Exercise details:
Among the entries below, please repeat exactly and only the lines from the line containing "5.25 Carat Diamond" to the line containing "Womens UK Size", both lines included.

Start of Study material

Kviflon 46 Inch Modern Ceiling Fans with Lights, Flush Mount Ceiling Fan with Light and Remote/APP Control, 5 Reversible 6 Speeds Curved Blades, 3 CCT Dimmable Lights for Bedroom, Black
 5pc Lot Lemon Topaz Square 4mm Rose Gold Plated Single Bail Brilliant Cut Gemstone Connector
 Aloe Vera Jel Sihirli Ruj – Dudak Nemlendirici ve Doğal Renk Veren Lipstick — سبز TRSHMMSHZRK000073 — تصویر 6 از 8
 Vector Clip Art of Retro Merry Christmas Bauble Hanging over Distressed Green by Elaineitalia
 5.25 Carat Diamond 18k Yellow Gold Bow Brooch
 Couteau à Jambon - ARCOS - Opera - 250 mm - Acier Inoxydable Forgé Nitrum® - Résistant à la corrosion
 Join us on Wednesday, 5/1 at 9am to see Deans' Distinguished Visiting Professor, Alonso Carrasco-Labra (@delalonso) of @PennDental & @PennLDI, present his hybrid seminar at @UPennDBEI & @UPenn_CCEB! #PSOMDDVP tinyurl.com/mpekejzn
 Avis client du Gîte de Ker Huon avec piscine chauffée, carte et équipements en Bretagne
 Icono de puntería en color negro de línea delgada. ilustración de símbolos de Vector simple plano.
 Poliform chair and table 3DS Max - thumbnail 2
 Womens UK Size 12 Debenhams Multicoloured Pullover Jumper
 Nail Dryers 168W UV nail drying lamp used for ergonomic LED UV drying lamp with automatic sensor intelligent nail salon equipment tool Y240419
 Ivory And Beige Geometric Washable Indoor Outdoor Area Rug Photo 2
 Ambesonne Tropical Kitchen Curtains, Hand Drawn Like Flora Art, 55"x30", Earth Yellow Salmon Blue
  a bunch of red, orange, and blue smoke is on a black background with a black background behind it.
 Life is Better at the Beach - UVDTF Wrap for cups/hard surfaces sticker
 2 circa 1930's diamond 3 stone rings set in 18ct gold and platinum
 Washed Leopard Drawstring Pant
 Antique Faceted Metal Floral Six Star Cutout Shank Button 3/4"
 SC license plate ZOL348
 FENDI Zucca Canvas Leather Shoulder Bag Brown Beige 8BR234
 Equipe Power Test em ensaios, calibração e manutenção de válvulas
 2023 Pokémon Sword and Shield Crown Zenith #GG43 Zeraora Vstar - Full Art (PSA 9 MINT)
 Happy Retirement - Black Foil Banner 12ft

End of Study material

Your response:
 5.25 Carat Diamond 18k Yellow Gold Bow Brooch
 Couteau à Jambon - ARCOS - Opera - 250 mm - Acier Inoxydable Forgé Nitrum® - Résistant à la corrosion
 Join us on Wednesday, 5/1 at 9am to see Deans' Distinguished Visiting Professor, Alonso Carrasco-Labra (@delalonso) of @PennDental & @PennLDI, present his hybrid seminar at @UPennDBEI & @UPenn_CCEB! #PSOMDDVP tinyurl.com/mpekejzn
 Avis client du Gîte de Ker Huon avec piscine chauffée, carte et équipements en Bretagne
 Icono de puntería en color negro de línea delgada. ilustración de símbolos de Vector simple plano.
 Poliform chair and table 3DS Max - thumbnail 2
 Womens UK Size 12 Debenhams Multicoloured Pullover Jumper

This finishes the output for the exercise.